Chelsea remain unbeaten, Everton down Bolton
EPL Sunday Night Review
Champions Chelsea claimed Arsenal's scalp in the league for the first time in 10 years after a freak Didier
Drogba goal carried them to a 1-0 win.
Chelsea defender Ricardo Carvalho was left out after his midweek outburst over bench time while Arsenal
gave a starting debut to Aliksander Hleb.
The game started frantically with Freddie Ljungberg clearing a Lampard header off the line inside the
opening two minutes. Arsenal began to find their feet and Henry cut the ball back for Ljungberg who blazed
over the bar.
On 23 minutes Ashley Cole took a tumble in the box and called for a penalty though replays showed it was
more a clash of bodies than a foul. Freddie Ljungberg was stretchered off with a leg problem minutes later
and Robin Van Persie came on to add pace.
As an even first half drew to a close, Jens Lehmann was forced to make a sharp save with his forehead from
Arjen Robben's follow up before Robert Pires' drive flew wide at the opposite end.

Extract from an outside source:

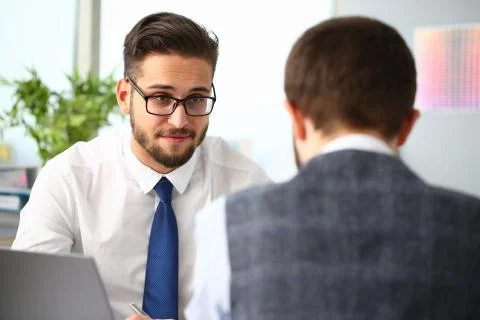 Two young managers discussing their business plan Stock Photos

Didier Drogba replaced Crespo at half time and new Chelsea signings Michael Essien and Shaun
Wright-Phillips followed shortly after.
Drogba became a real handful for defender Phillipe Senderos and on 73 minutes Drogba scored a fluke goal
after kneeing the ball in past a diving Jens Lehmann.
Drogba gave Senderos nightmares in the recent Community Shield and some questioned Mourinho's logic in
waiting until half time to bring the Ivory Coast forward on.
Thierry Henry struggled to find space on the compact Stamford Bridge pitch and his own chances to score
seemed limited by his midfield organising in the wake of Patrick Vieira's departure.
Arsenal will be annoyed that they conceded the late goal, but Chelsea earnt the three points on the day.
Meanwhile at the Reebok stadium, Everton recorded a gritty 1-0 win over a Bolton side stuttering in the
open stages of the season.
The first half was full of chances for Bolton but they failed to capitalise as Nigel Martyn was alert to
deny Kevin Davies, Henrik Pedersen and Kevin Nolan from close range.
Alessandro Pistone was stretchered off with a knee injury on the half hour mark and the industrious Leon
Osman came on to add some flair.
Less than ten minutes into the second half, Everton were ahead.
Joseph Yobo lofted a ball onto the left wing where Australian Tim Cahill steered a cross past Bolton keeper
Jussi Jaaskelainen and into the path of Marcus Bent who netted from close range.
After Bolton's hard work it was a nasty sucker punch, but Wanderers fought back and in the final stages
produced some golden chances.
Raidi Jaidi and Gary Speed headed over from close range before Diouf saw a thunderous half volley crash off
the underside of the bar right at the death.